Many voices from across the evangelical spectrum have all noted the same problem, which is that too many evangelicals in the pews are prone to believe and echo conspiracy theories. See here, here, and here.
However, while these critics, to their credit, note the problem—there doesn’t seem to be many theories as to why evangelicals do this, other than to agree it’s a problem. They point out the harm it does, but, again, not why the problem exists. Few seem to wonder why there is this bent, or readiness to believe the preposterous, to begin with. What are its origins?
I think one of the problems these Protestant/evangelical critics miss, is perhaps their own theology and history, which I think plays a key role in the very problem noted. While they may not hold to some of the beliefs or understandings I will address shortly, they belong to a tradition where these have had a significant and foundational influence as to the people in evangelical pews.
As an aside, growing up in evangelicalism (Southern Baptist), and looking back now, I would suggest that many who call themselves, “evangelical,” are in reality, fundamentalists. That was my experience although purely anecdotal. Regardless, in truth, there is not much separation between the two when it comes to core theology. It’s mostly a difference of sensibility, education, and culture. The problem, in my view, is that the core theology still contains the same problems for either. Thus, my critique is to both.
Here are some of the reasons I believe too many evangelicals/fundamentalists (E/Fs) are prone to believing conspiracy theories:
- Their view of the Bible. If the Bible is held to be true in the same way a science or mathematics textbook is “true,” then all sorts of folly is sure to follow. Such a view opens the door to doubting acknowledged experts, the academy, proven authorities, and accepted bodies of knowledge, if they disagree with or don’t support this groups’ interpretation of the Bible, whatever the subject matter. This allows E/Fs to dismiss or discount information they think contradicts the Bible (or their interpretation thereof). This in turn creates an openness to a belief in conspiracy theories, often the alternative explanation for whatever the issue might be.

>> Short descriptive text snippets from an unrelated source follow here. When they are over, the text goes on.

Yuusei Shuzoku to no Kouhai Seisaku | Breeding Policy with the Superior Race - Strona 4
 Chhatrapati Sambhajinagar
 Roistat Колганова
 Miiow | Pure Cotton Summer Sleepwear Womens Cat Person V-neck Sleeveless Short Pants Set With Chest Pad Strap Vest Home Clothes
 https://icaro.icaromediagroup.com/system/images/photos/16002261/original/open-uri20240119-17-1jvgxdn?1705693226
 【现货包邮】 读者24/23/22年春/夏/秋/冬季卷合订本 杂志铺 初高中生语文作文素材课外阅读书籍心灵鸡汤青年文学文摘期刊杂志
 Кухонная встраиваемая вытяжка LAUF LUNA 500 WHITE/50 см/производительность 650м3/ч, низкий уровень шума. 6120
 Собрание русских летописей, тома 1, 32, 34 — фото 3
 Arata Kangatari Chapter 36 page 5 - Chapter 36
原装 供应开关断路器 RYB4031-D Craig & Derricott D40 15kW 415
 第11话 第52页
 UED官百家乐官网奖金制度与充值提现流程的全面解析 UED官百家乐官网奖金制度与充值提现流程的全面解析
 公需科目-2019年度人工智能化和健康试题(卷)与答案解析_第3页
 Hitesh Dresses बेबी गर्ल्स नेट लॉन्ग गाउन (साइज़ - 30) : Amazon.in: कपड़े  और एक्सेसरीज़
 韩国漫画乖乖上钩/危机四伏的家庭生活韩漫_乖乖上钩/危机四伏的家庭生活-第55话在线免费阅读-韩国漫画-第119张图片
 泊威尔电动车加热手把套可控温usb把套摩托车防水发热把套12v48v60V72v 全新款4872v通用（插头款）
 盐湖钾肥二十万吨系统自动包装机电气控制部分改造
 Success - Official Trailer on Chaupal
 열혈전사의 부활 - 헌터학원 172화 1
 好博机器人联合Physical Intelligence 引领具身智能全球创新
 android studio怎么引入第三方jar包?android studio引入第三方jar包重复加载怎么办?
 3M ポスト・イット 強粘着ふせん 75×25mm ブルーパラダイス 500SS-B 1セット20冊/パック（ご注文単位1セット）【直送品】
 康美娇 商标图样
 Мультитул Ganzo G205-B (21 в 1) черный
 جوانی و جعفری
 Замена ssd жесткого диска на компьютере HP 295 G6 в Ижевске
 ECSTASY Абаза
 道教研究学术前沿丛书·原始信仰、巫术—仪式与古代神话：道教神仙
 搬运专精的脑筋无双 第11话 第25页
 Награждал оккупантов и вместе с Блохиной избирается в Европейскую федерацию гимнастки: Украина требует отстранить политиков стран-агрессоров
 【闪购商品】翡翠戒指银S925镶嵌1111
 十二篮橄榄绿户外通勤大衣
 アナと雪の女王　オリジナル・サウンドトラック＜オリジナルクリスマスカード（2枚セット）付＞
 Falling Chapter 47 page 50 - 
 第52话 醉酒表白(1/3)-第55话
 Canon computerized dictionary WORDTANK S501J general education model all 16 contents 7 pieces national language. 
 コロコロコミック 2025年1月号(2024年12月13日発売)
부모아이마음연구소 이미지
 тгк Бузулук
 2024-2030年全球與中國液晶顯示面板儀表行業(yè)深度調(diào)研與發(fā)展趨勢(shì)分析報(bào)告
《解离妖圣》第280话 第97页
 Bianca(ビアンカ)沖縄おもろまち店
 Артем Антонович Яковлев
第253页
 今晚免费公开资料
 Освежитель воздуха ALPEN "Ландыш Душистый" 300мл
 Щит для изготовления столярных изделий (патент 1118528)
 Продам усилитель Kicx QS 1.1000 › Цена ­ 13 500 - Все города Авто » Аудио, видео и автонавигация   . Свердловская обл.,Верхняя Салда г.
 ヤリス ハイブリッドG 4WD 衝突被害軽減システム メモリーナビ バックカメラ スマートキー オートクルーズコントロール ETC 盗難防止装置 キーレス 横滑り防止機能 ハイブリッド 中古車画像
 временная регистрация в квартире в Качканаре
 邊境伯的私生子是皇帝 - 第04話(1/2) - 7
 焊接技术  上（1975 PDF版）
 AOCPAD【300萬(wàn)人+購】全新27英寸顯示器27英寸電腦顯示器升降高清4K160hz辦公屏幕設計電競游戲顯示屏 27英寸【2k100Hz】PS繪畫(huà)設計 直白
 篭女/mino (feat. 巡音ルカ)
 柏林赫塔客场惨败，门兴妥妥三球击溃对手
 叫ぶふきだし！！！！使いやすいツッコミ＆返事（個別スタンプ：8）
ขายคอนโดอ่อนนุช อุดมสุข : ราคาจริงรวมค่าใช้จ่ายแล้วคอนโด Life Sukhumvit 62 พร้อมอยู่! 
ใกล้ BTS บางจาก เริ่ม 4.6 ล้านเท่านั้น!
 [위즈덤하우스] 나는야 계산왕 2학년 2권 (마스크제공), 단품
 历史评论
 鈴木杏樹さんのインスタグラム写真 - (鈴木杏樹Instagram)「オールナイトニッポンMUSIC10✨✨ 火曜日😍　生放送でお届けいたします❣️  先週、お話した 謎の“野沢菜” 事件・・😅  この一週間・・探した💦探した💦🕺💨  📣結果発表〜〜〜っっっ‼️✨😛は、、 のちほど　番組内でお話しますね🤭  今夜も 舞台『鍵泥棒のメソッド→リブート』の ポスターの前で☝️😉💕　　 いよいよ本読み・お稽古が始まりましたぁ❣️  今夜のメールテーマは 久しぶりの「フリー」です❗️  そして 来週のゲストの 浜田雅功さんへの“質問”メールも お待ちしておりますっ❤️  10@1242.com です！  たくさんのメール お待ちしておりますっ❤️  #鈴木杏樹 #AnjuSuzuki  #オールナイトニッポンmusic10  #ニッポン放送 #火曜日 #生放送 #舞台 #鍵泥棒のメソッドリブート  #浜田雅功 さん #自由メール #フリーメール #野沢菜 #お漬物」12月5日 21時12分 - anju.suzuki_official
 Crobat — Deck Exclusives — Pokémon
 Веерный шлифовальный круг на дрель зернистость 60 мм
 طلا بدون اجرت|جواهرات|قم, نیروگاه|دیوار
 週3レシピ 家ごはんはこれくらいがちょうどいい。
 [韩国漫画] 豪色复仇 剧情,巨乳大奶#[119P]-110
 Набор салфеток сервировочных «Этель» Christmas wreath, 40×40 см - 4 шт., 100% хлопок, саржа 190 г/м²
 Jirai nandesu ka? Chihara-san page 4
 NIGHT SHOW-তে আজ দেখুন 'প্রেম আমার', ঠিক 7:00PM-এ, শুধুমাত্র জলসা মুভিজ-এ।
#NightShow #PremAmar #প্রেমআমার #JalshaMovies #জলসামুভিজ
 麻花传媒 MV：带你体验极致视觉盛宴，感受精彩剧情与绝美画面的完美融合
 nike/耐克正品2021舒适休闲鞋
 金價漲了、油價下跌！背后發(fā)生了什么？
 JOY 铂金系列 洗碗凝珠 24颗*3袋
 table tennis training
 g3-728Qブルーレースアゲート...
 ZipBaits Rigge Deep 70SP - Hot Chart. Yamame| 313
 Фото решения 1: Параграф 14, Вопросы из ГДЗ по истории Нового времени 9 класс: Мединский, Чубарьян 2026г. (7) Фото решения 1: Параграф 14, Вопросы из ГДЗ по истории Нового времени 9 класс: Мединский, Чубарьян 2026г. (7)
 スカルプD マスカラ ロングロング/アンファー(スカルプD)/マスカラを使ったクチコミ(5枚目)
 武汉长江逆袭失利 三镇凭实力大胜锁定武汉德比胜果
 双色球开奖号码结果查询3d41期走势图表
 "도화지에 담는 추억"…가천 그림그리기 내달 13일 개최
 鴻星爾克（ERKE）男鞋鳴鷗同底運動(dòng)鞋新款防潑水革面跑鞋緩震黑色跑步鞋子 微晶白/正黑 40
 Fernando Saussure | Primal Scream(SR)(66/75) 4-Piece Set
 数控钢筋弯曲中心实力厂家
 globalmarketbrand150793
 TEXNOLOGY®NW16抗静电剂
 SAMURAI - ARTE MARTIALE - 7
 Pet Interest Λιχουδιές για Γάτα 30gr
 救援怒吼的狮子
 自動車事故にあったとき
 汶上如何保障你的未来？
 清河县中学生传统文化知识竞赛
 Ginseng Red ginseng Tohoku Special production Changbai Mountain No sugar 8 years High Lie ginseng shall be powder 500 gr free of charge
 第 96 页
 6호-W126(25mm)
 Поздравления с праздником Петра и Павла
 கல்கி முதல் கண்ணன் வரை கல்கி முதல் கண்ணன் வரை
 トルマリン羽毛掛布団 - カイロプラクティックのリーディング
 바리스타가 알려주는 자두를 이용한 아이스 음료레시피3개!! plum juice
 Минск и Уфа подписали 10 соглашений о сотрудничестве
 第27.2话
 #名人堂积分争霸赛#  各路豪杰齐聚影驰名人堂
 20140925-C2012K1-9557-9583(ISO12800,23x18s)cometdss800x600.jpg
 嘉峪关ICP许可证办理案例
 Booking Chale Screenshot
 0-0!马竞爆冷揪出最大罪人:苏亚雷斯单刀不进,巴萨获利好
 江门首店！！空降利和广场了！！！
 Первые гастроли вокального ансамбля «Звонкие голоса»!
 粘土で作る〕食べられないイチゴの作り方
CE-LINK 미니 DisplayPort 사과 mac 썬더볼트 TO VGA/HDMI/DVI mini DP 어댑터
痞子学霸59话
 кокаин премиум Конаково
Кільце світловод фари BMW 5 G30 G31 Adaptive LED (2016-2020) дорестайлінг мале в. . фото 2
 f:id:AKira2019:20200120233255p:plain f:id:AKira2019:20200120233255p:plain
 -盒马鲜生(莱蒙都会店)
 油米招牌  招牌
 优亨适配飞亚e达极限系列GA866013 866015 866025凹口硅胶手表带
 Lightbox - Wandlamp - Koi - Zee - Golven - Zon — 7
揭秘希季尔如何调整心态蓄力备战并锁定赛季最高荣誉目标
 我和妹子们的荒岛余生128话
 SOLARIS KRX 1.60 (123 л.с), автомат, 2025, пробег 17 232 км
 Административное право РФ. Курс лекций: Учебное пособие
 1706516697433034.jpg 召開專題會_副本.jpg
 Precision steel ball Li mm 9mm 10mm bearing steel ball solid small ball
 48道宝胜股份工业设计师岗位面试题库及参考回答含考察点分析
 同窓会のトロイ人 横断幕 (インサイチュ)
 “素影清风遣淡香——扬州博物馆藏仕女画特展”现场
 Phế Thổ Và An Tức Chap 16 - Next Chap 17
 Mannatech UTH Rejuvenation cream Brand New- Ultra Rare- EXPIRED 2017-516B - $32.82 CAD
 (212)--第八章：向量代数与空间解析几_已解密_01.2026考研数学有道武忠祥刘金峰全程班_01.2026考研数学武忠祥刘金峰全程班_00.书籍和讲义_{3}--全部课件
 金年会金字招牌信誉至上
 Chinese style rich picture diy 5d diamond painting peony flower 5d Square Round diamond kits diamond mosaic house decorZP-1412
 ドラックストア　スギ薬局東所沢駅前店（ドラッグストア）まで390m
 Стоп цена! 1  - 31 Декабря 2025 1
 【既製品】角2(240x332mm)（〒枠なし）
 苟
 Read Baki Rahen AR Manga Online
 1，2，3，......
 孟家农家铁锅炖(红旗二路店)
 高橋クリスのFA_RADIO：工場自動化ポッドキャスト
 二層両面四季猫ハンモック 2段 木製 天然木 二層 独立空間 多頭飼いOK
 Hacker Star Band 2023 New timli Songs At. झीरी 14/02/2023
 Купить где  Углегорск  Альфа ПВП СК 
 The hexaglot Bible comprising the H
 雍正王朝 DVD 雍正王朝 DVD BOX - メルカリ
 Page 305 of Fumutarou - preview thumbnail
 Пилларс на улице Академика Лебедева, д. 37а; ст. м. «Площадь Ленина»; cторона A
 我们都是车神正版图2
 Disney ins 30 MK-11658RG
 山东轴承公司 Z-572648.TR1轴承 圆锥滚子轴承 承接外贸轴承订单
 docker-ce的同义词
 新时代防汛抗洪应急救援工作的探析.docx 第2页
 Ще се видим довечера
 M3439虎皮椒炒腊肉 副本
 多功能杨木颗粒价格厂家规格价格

- Their eschatology or understanding of the End Times. Any E/F growing up in the 70s, 80s, and even 90s can tell stories about pastors and leaders taking the book of Revelation and applying it to current world events. How they applied though is key. The assumption was always that whatever was being reported, no matter how mundane or banal, they knew the “true” meaning of the event, because they understood the book of Revelation. Thus, for example, any new technology pertinent to commerce was really about getting people to accept the Mark of the Beast (666), and any new helicopter the Israelis developed was really what the book of Revelation (9:7) described as locusts. This type eschatology, it turns out, is a gateway to believing conspiracy theories and frankly, all sorts of nonsense.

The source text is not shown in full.